Notes on the Random-Random Term in Autocorrelations

The following discussion is adapted from this notebook by Lehman Garrison.

\[\newcommand{\RR}{\mathrm{RR}} \newcommand{\DD}{\mathrm{DD}}\]

When computing a two-point correlation function estimator like

\[\xi(r) = \frac{\DD}{\RR} - 1,\]

the \(\RR\) term can be computed analytically if the domain is a periodic box. Often, this is done as

\[\begin{split}\begin{align} \RR_i &= N V_i \bar\rho \\ &= N V_i \frac{N}{L^3} \end{align}\end{split}\]

where \(\RR_i\) is the expected number of random-random pairs in bin \(i\), \(N\) is the total number of points, \(V_i\) is the volume (or area if 2D) of bin \(i\), \(L\) is the box size, and \(\bar\rho\) is the average density in the box.

However, using \(\bar\rho = \frac{N}{L^3}\) is only correct for continuous fields, not sets of particles. When sitting on a particle, only \(N-1\) particles are available to be in a bin at some non-zero distance. The remaining particle is the particle you’re sitting on, which is always at distance \(0\). Thus, the correct expression is

\[\RR_i = N V_i \frac{N-1}{L^3}.\]

See this notebook for an empirical demonstration of this effect; specifically, that computing the density with \(N-1\) is correct, and that using \(N\) introduces bias of order \(\frac{1}{N}\) into the estimator. This is a tiny correction for large \(N\) problems, but important for small \(N\).

Any Corrfunc function that returns a clustering statistic (not just raw pair counts) implements this correction. Currently, this includes Corrfunc.theory.xi and Corrfunc.theory.wp.

Cross-correlations of two different particle sets don’t suffer from this problem; the particle you’re sitting on is never part of the set of particles under consideration for pair-making.

Corrfunc also allows bins of zero separation, in which “self-pairs” are included in the pair counting. \(\RR_i\) must reflect this by simply adding \(N\) to any such bin.

RR in Weighted Clustering Statistics

We can extend the above discussion to weighted correlation functions in which each particle is assigned a weight, and the pair weight is taken as the product of the particle weights (see Computing Weighted Correlation Functions).

Let \(w_j\) be the weight of particle \(j\), and \(W\) be the sum of the weights. We will define the “unclustered” particle distribution to be the case of \(N\) particles uniformly distributed, where each is assigned the mean weight \(\bar w\). We thus have

\[\begin{split}\begin{align} \RR_i &= \sum_{j=1}^N \bar w (W - \bar w) \frac{V_i}{L^3} \\ &= (W^2 - \bar w W) \frac{V_i}{L^3} \\ &= W^2\left(1 - \frac{1}{N}\right) \frac{V_i}{L^3}. \end{align}\end{split}\]
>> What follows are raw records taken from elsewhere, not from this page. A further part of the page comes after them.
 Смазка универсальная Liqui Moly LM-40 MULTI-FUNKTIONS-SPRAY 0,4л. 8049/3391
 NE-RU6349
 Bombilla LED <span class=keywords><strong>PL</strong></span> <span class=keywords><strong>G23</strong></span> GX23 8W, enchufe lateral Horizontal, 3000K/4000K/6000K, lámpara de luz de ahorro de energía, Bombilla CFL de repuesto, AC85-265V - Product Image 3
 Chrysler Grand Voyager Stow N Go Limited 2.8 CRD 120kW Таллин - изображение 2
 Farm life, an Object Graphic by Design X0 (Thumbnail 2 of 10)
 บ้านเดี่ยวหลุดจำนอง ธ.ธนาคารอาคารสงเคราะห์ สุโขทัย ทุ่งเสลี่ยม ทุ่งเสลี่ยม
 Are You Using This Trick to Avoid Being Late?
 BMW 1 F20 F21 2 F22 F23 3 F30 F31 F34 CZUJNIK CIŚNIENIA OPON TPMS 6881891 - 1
When the particles all have \(w_j = 1\), then \(W = N\) and we recover the unweighted result from above.

There are other ways to define the unclustered distribution. If we were to redistribute the particles uniformly but preserve their individual weights, we would find

\[\begin{split}\begin{align} \RR_i &= \sum_{j=1}^N w_j (W - w_j) \frac{V_i}{L^3} \\ &= \left(W^2 - \sum_{j=1}^N w_j^2\right) \frac{V_i}{L^3}. \end{align}\end{split}\]

This is not what we use in Corrfunc, but this should help illuminate some of the considerations that go into defining the “unclustered” case when writing a custom weight function (see Implementing Custom Weight Functions).